When in 2018, the Polyolefin Circular Economy Platform (PCEP) committed to increasing the volume of recycled post-consumer polyolefin material used in European products to 3M tonnes - an increase of 1 million tonnes - by 2025, it seemed like a huge challenge. The commitment was made as part of the Circular Plastics Alliance and the European Commission’s campaign to reach 10 million tonnes of recycled plastic in new products on the EU market by that same year.
Now, however, the results from PCEP 2021 polyolefin material flow study, covering EU27 plus UK, Norway and Switzerland, show that this ambition has already been realised - years ahead of schedule. The industry has therefore now upgraded its level of ambition, increasing its target to 4M tonnes a year by 2025 - double the amount used in 2016.
The association's General Assembly approved a number of other long-term voluntary commitments as well, including:
- Increasing the share of post-consumer PO recyclates to 30% of total PO use by 2030 (estimated at 10.5% in 2021);
- Recycling 60% of collected PO packaging by 2030 (estimated at 28% in 2021 based on new calculation methodology);
- Recycling 50% of collected total PO waste by 2030 (estimated at 35.4% in 2021);
- Reviewing the industry’s level of ambition every two years.

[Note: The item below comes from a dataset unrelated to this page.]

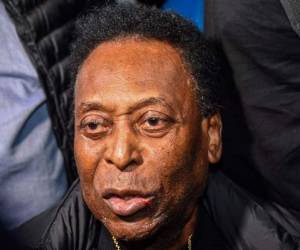 El triple campeón del mundo (1958, 1962, 1970), de 78 años, se encontraba en la capital francesa cumpliendo compromisos publicitarios a principios de abril cuando fue internado debido a una infección urinaria. Foto:AFP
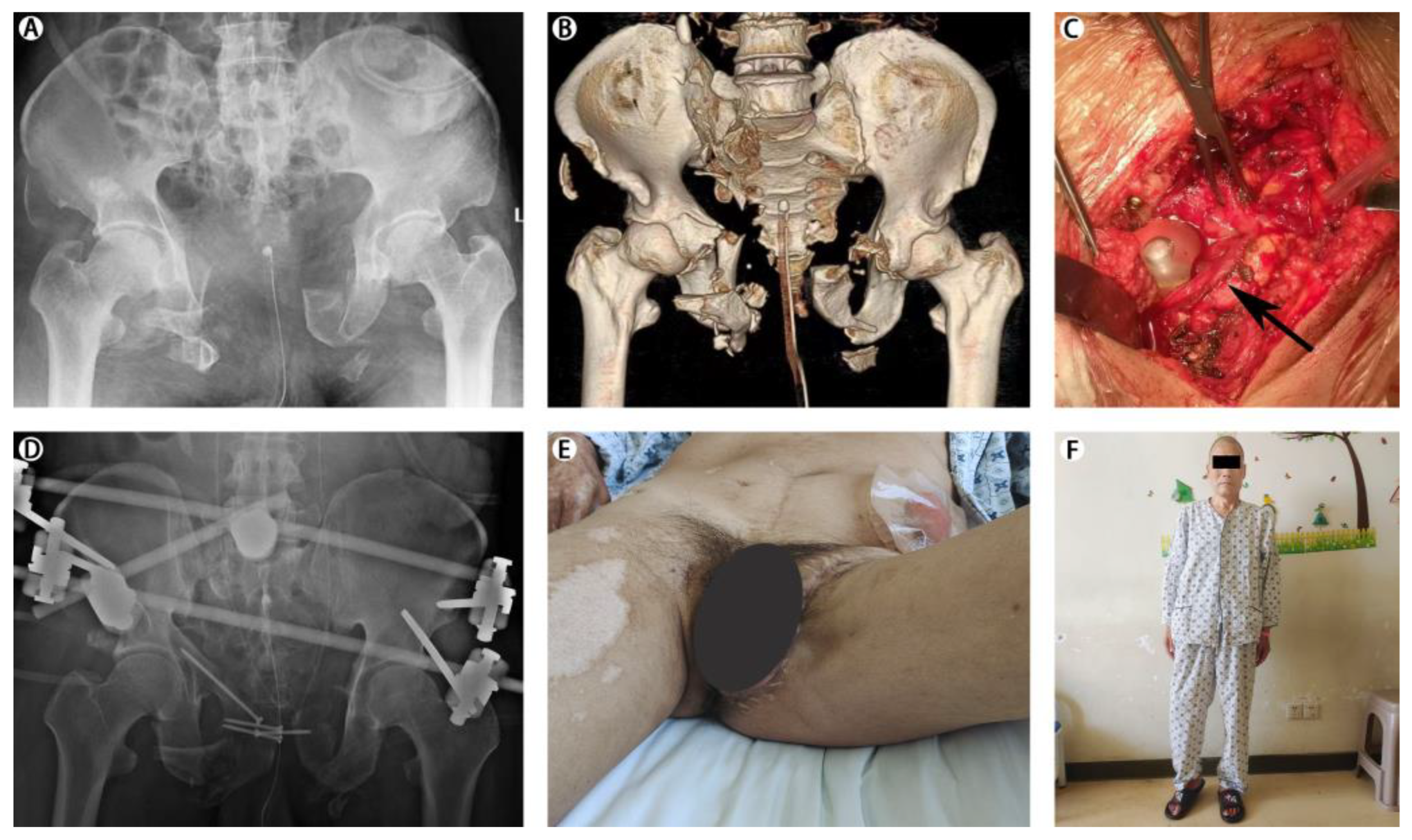 Pelvis and Perineum | Basicmedical Key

For these to be achieved, however, a number of enabling conditions must be fulfilled. In the first place, all post-consumer PO waste should be collected along with other dry recyclable materials and sorted to standards which PCEP will help to establish. Second, all PO products and packaging across the value chain should be designed according to PCEP’s Design Principles, maximising the potential use of recycled PO and promoting the purest possible polymer streams.
And third, product specifiers, such as brand owner procurement departments, should make increasing recycled PO content in their product mix a strategic objective, to drive acceptance of the material.
In addition, support from European policymakers, in the form of EU legislation, is essential. This includes recognising all forms of recycling as counting towards recycling rates and recycled content targets.
Other EU measures should include dedicating resources to support the development and approval of technologies to enable recycled polyolefin content in food contact applications, without compromising food safety; implementing the EU waste directives across all member states by 2025; and ensuring the legal framework encourages investment in recycling innovations and allows time for that investment to be translated into on the ground capacity.
“PCEP is all about action, not just words,” emphasised Ton van der Giessen, interim Chair of PCEP Steering Board.
PCEP is a platform for companies and organisations operating at every point in the polyolefin value chain: brand owners, retailers, waste management organisations, recyclers, converters, producers and any other stakeholders. The association is committed to transforming from a linear to a circular economy based on three principles: designing out waste; keeping products and materials in use; and recycling into high-quality new raw materials.